Items from a data source:

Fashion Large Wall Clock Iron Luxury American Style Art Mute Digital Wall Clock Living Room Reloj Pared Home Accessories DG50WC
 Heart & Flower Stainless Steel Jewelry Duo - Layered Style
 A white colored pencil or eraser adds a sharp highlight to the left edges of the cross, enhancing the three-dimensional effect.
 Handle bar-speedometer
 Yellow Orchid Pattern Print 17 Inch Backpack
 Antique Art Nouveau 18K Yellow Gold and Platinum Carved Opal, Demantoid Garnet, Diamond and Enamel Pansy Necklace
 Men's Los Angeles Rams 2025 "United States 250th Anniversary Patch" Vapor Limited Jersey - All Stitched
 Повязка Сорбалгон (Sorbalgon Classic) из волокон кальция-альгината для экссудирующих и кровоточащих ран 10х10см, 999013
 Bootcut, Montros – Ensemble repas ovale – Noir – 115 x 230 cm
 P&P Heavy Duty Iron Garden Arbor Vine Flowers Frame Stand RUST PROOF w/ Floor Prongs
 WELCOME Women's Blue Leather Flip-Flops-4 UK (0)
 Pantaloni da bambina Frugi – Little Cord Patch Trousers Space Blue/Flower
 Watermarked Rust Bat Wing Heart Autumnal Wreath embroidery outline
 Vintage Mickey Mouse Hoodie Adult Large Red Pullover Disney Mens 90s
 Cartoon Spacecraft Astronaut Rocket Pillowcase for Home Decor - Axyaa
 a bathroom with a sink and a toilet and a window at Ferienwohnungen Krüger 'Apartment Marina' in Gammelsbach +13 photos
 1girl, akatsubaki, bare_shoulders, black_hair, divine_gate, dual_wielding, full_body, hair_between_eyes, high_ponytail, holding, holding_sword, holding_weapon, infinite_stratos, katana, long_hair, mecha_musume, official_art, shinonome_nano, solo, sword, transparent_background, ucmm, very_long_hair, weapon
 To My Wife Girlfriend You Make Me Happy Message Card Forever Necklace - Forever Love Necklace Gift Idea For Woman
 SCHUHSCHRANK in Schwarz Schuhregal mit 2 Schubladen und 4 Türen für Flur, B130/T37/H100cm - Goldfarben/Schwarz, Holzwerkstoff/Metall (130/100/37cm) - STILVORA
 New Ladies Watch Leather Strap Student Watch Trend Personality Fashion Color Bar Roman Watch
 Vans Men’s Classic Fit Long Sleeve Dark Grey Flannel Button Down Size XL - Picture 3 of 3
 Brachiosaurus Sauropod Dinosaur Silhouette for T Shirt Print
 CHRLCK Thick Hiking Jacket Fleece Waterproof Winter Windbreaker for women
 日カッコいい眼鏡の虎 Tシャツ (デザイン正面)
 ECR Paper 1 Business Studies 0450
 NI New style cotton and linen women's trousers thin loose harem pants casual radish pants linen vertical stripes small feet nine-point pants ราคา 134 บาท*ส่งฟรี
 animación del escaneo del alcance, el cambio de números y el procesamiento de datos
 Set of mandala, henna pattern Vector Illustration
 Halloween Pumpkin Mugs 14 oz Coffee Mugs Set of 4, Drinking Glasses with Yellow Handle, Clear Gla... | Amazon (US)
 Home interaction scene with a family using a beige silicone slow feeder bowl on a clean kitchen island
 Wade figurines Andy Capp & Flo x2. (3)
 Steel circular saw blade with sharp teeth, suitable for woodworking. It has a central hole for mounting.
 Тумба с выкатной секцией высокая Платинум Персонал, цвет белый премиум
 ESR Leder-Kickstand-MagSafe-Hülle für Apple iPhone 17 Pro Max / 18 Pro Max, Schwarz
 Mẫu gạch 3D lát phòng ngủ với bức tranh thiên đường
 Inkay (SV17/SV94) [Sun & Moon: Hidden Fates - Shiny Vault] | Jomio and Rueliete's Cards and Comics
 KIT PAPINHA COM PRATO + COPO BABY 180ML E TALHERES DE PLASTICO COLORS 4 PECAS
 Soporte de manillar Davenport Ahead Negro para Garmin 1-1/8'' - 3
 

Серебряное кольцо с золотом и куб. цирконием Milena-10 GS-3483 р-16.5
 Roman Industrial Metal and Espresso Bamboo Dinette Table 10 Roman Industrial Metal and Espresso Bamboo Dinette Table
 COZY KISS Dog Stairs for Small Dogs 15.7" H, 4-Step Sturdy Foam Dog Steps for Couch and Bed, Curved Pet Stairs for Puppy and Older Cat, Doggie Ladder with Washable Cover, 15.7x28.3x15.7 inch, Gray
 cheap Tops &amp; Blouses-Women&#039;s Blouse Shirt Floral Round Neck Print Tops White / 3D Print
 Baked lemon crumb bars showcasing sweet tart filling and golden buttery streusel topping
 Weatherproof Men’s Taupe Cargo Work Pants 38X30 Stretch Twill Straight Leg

**Required work**
Please give again the lines above between the line holding "New Ladies Watch" and the line holding "Тумба с выкатной", inclusive, exactly as they are and with nothing added.

**Answer space**
 New Ladies Watch Leather Strap Student Watch Trend Personality Fashion Color Bar Roman Watch
 Vans Men’s Classic Fit Long Sleeve Dark Grey Flannel Button Down Size XL - Picture 3 of 3
 Brachiosaurus Sauropod Dinosaur Silhouette for T Shirt Print
 CHRLCK Thick Hiking Jacket Fleece Waterproof Winter Windbreaker for women
 日カッコいい眼鏡の虎 Tシャツ (デザイン正面)
 ECR Paper 1 Business Studies 0450
 NI New style cotton and linen women's trousers thin loose harem pants casual radish pants linen vertical stripes small feet nine-point pants ราคา 134 บาท*ส่งฟรี
 animación del escaneo del alcance, el cambio de números y el procesamiento de datos
 Set of mandala, henna pattern Vector Illustration
 Halloween Pumpkin Mugs 14 oz Coffee Mugs Set of 4, Drinking Glasses with Yellow Handle, Clear Gla... | Amazon (US)
 Home interaction scene with a family using a beige silicone slow feeder bowl on a clean kitchen island
 Wade figurines Andy Capp & Flo x2. (3)
 Steel circular saw blade with sharp teeth, suitable for woodworking. It has a central hole for mounting.
 Тумба с выкатной секцией высокая Платинум Персонал, цвет белый премиум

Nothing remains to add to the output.